If you like this article, you can now get the book! Joe has expanded the “Tuesday Composition” series into an inspiring new ebook on composition, especially for nature photography. Check it out: The Tuesday Composition.

A while back we talked about visual echoes–and we primarily focused on repetitions of two similar or contrasting objects. Today I’m going to revisit that topic with a greater emphasis on repetition generally, whether two, eleven or a million similar image elements.  If you didn’t get a chance to read the echoes post, I suggest going back and and reading it now, many of the ideas in today’s post will relate to and reflect on the ideas I presented there.

Repetition is a powerful and amazingly versatile tool.

One of my favorite uses of repetition in composition is in simplifying an image. In general, images with many kinds of disparate elements can be harder for the viewer to make sense of–put enough elements together and you take away an easy sense of what elements of the image are important, dominant.

Repeating patterns in an image can help organize all of those elements into a pattern that’s easier for the viewer to understand. Salt Polygons at Sunrise has hundreds of elements, but our eye quickly integrates the underlying pattern of the salt polygons and makes sense of what’s going on in the image. A random collection of that many disparate elements in an image would feel much more chaotic. (Of course, that might be what you want, but more often, my own work tends towards less chaotic.)
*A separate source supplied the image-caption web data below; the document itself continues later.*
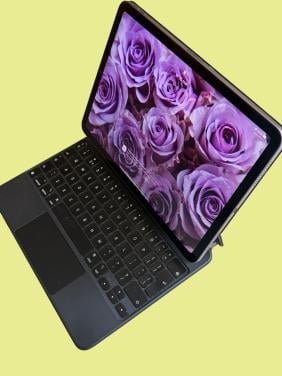 Apple iPad Air 4e Generatie 2020 incl. Apple Magic Keyboard.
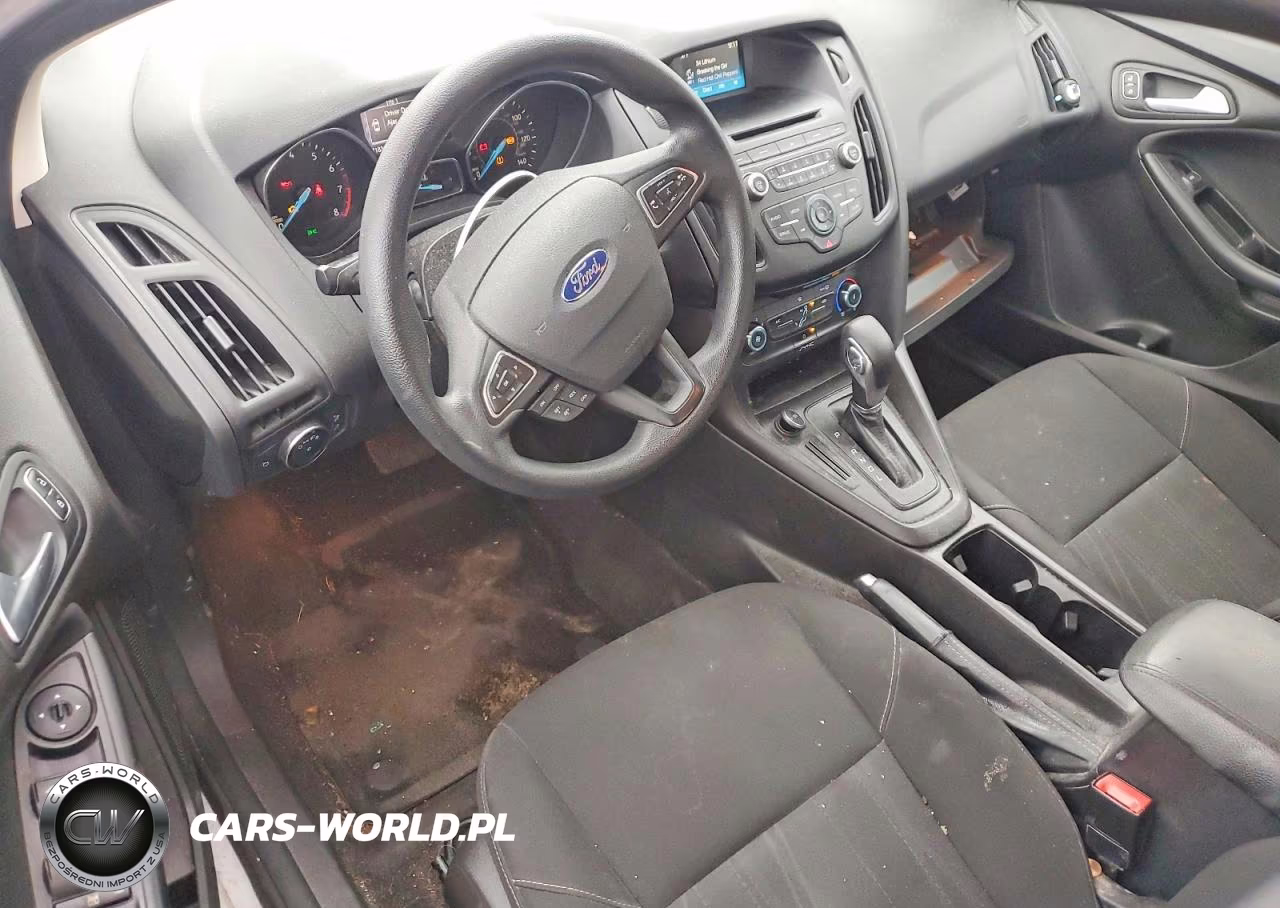 2017 Ford Focus Se VIN:1FADP3F23HL327595 - 8
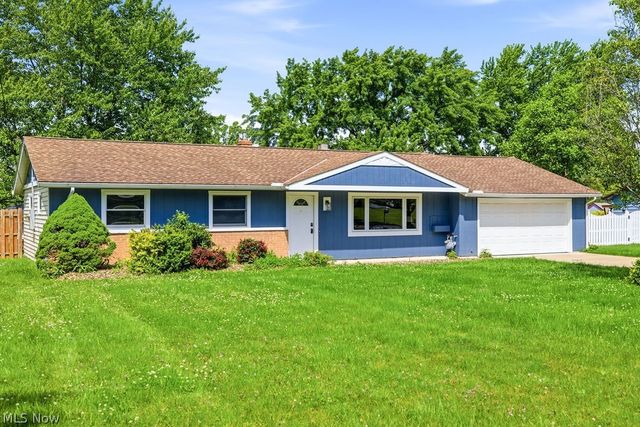 8768 Parkdale Drive, North Royalton, OH 44133
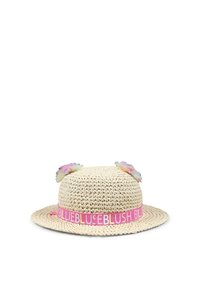 Chapeau en paille à large bord, avec un bandeau rose portant le texte "BILLIEBLUEBLUSH" et deux accents floraux pastel sur le dessus.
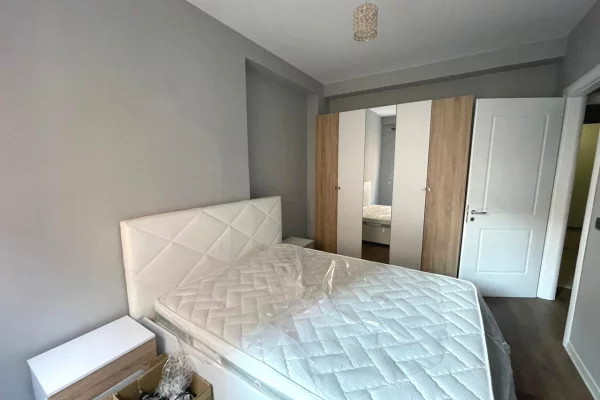 Shtepi me qera Apartament ne Tirane, 1+1, Mobilimi E mobiluar, Pagesa 40,000  Leke.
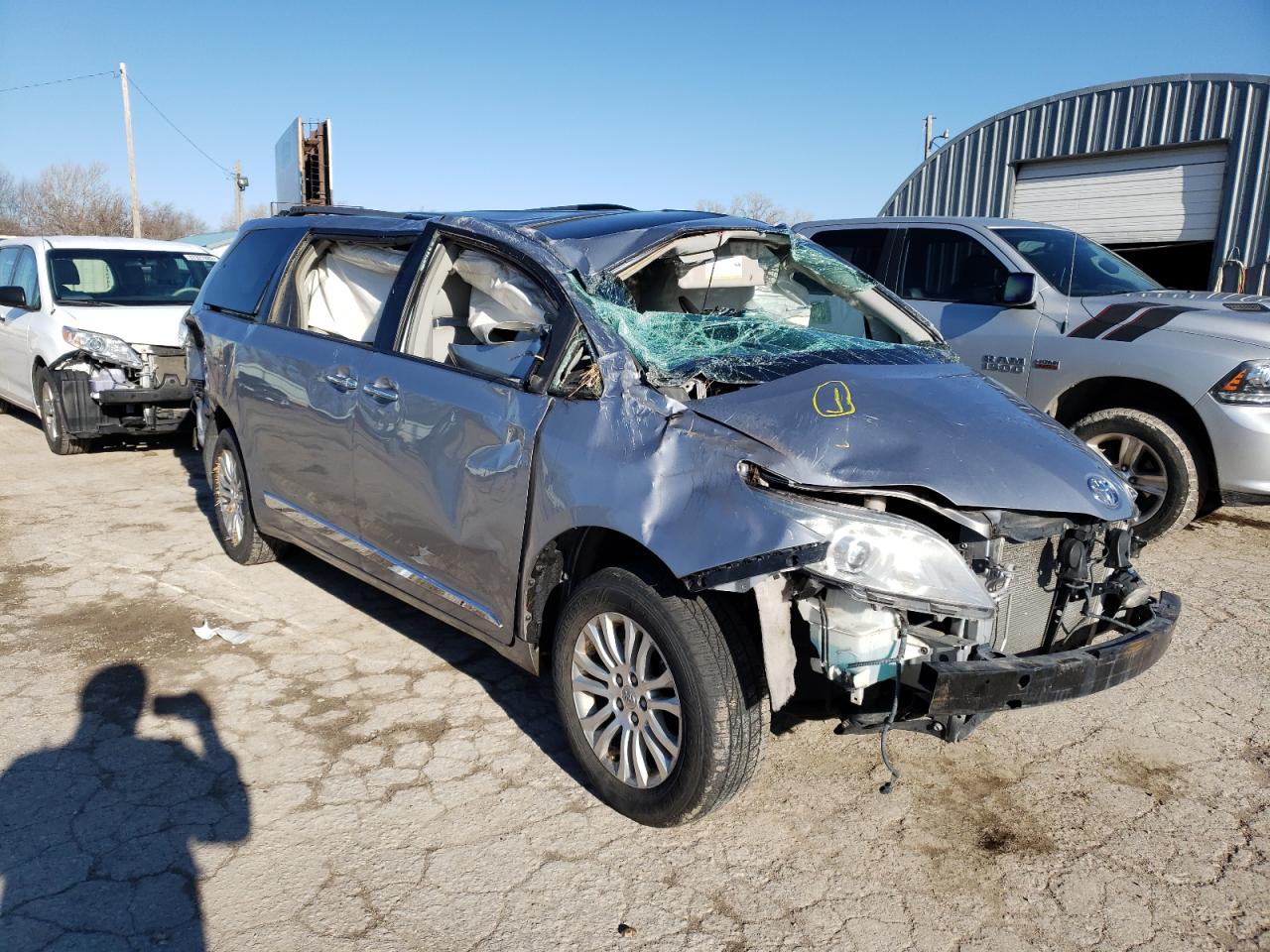 TOYOTA SIENNA XLE 2012 with VIN 5TDYK3DCXCS270745 - Photo from auction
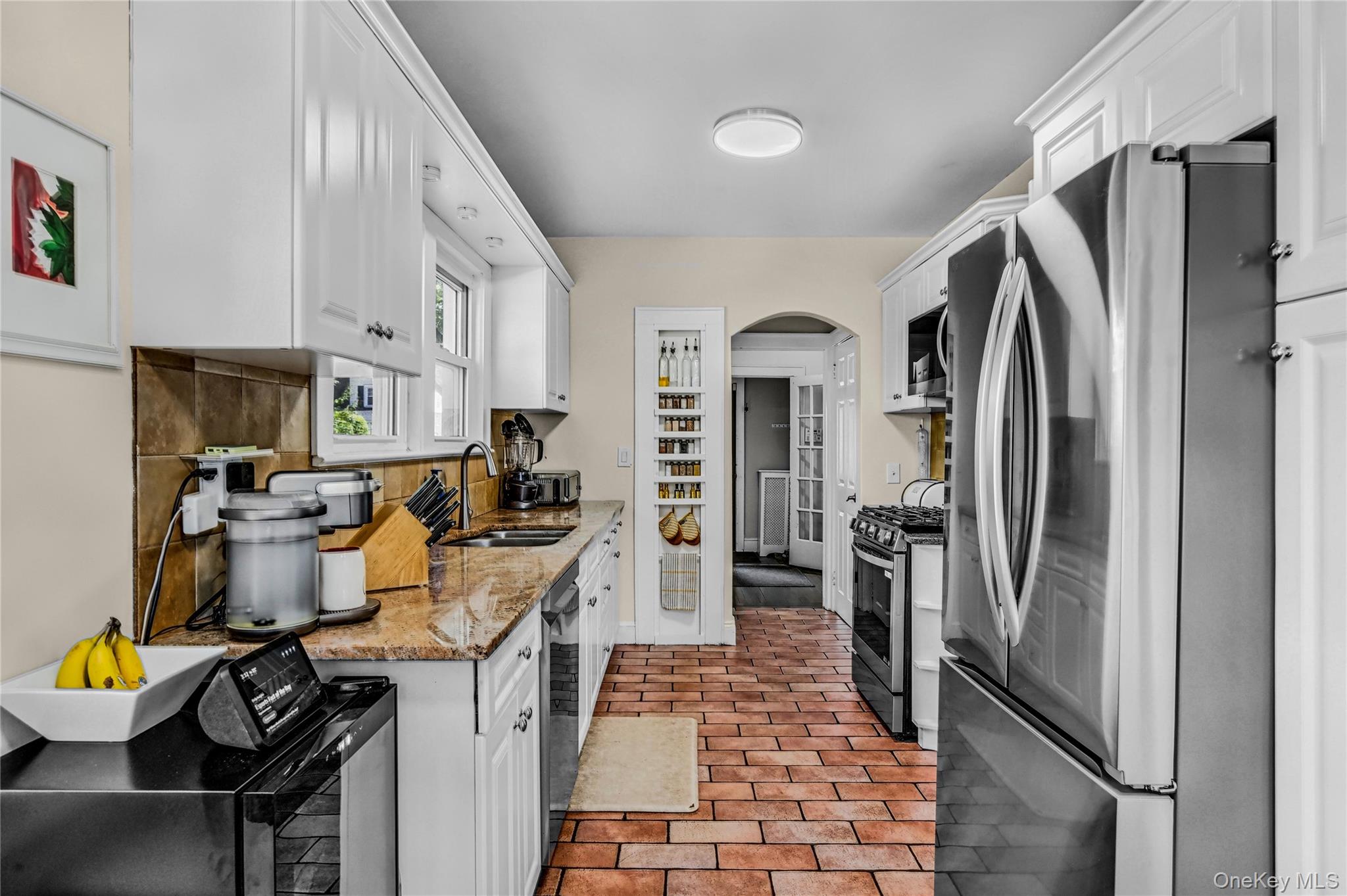 99 Rider Avenue, Malverne, NY 11565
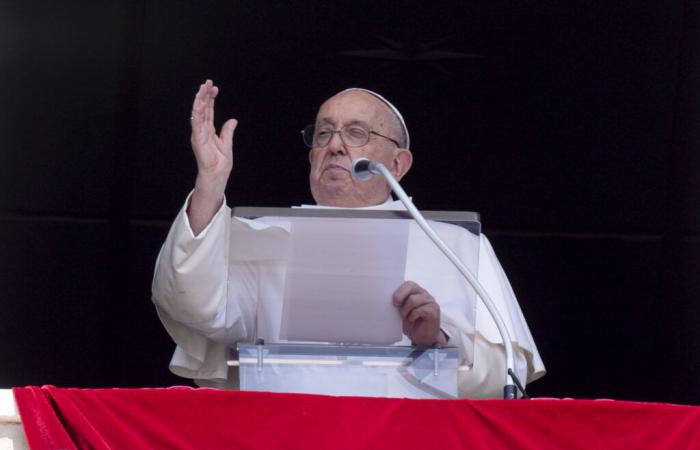 Papst: Angelus, „lasst uns für den Frieden auf der ganzen Welt arbeiten“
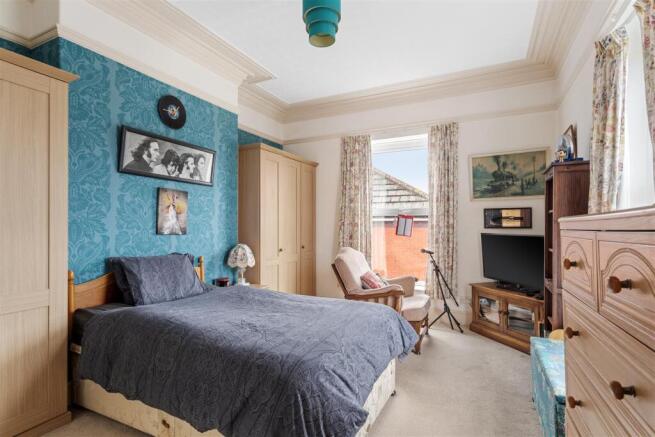 5 bed Detached for sale Image 12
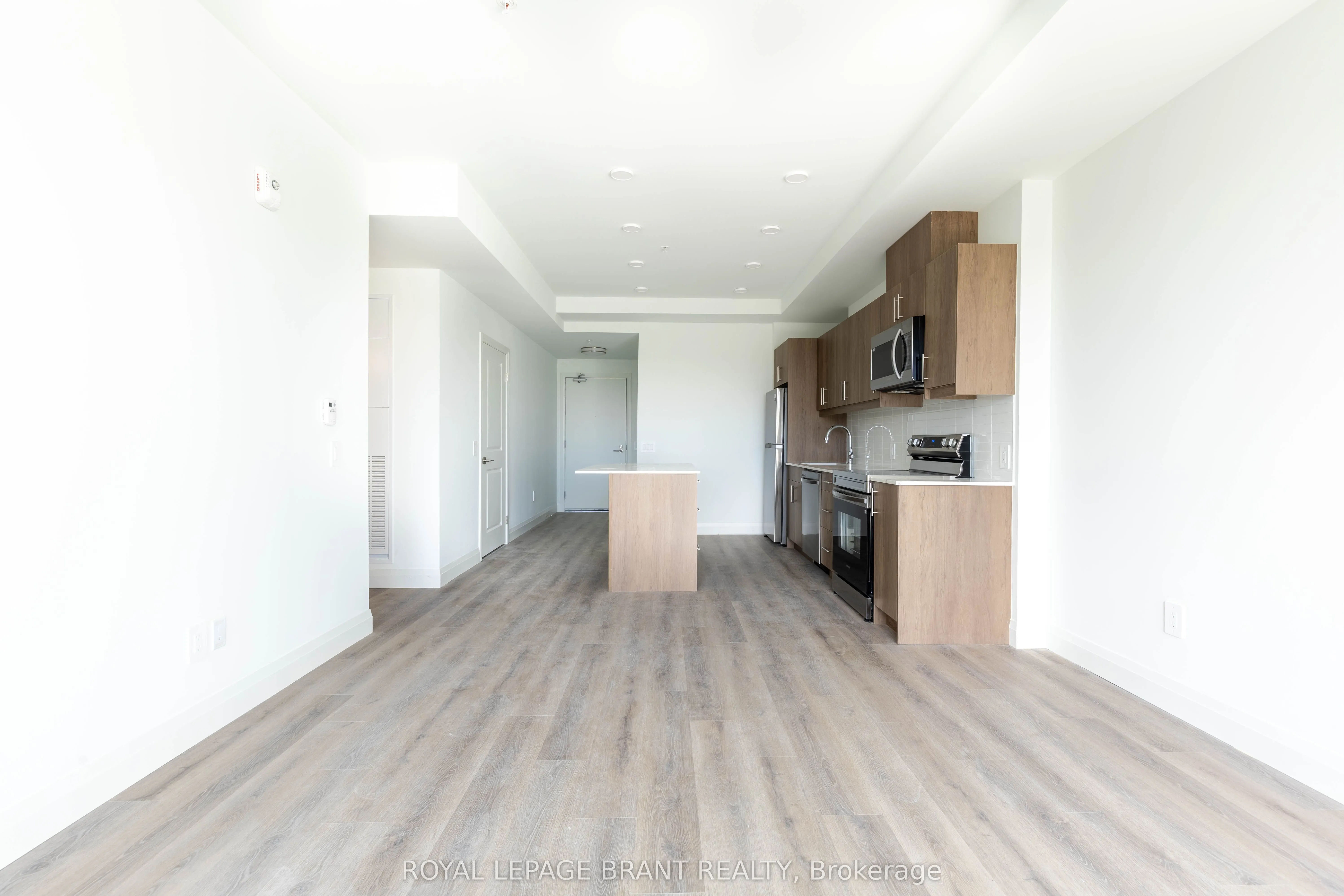 1333 Weber Street E, #403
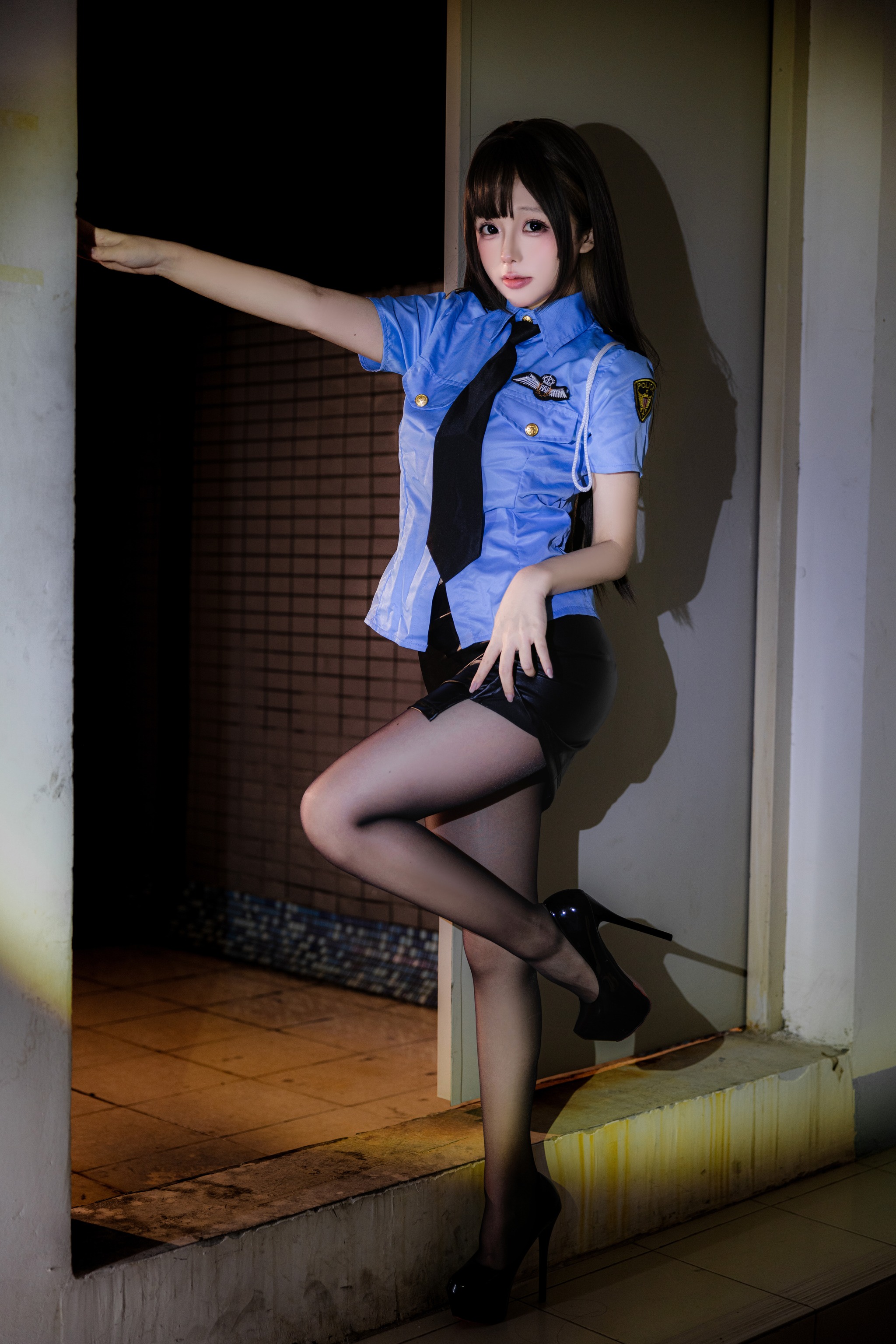 日奈娇 – NO.251 楼道保安[168P5V]-XikXak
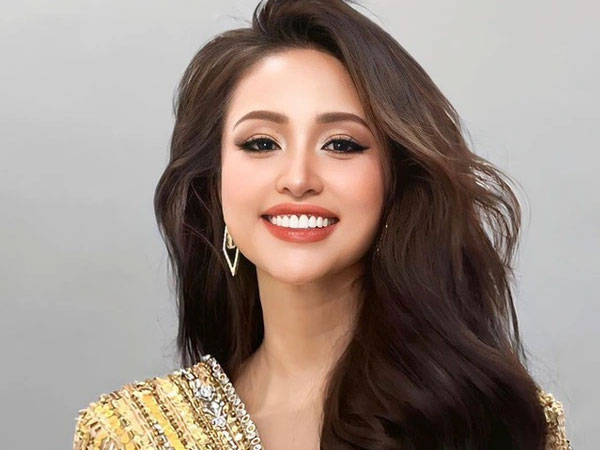 MC Vân Hugo chuẩn bị lên xe hoa với bạn trai doanh nhân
Clouds Forming in Alpenglow, Eastern Sierra, California
Clouds Forming in Alpenglow, Eastern Sierra, California

Like visual echoes, repetitions of similar objects can guide us to compare and/or contrast the elements in the image. This is a particularly crucial part of  Clouds Forming in Alpenglow. While the repeated pattern in the mountain peaks does simplify the image a bit, the repeated pattern of the clouds is far more important.  A single diagonal cloud would tell the viewer very little about the dynamics of what’s going on behind that cloud; however, three clouds each moving in a parallel direction away from the repeated peaks in the image presents a much deeper question as to what’s going on. In this case, that pattern isn’t an accident, the clouds are literally being formed downwind of the peaks, and the blurred cloud motion helps to confirm that fact.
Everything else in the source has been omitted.